Quote the listing below in its entirety, omitting every image.

DATA EXTRACT:

______

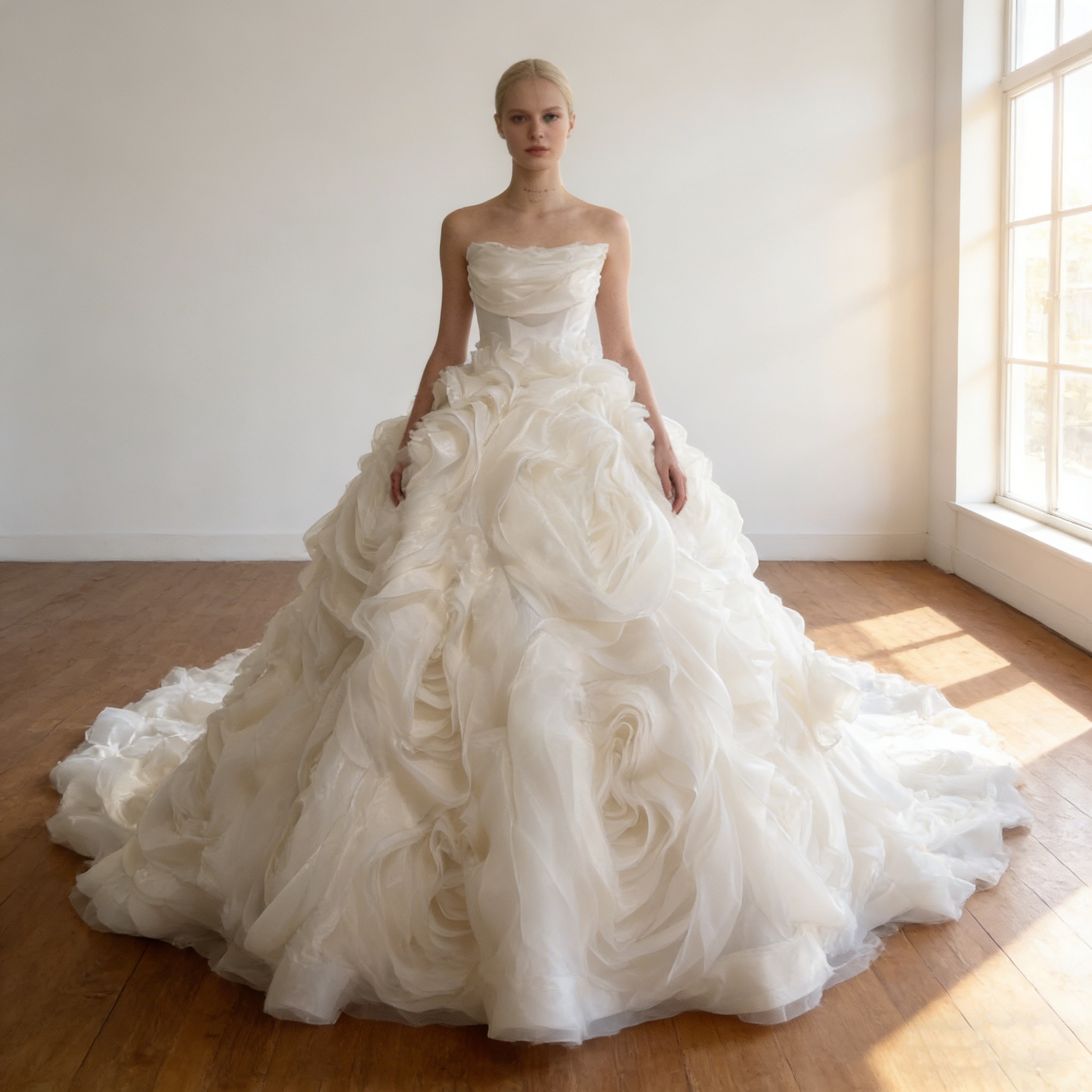 ウエディングドレス オフホワイト ビスチェドレス バラトレーン ビスチェドレス 華やかなトレーン 披露宴/結婚式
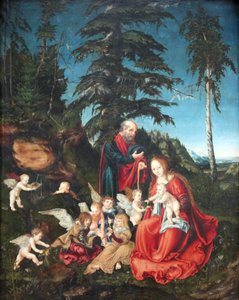 De rust op de vlucht naar Egypte door Lucas Cranach the Elder
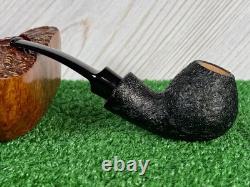 Buckeye Pipes UNSMOKED Large Bent Brandy, Hand Made, USA Black, Blast Finish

______

ANSWER AREA:
 ウエディングドレス オフホワイト ビスチェドレス バラトレーン ビスチェドレス 華やかなトレーン 披露宴/結婚式
 De rust op de vlucht naar Egypte door Lucas Cranach the Elder
 Buckeye Pipes UNSMOKED Large Bent Brandy, Hand Made, USA Black, Blast Finish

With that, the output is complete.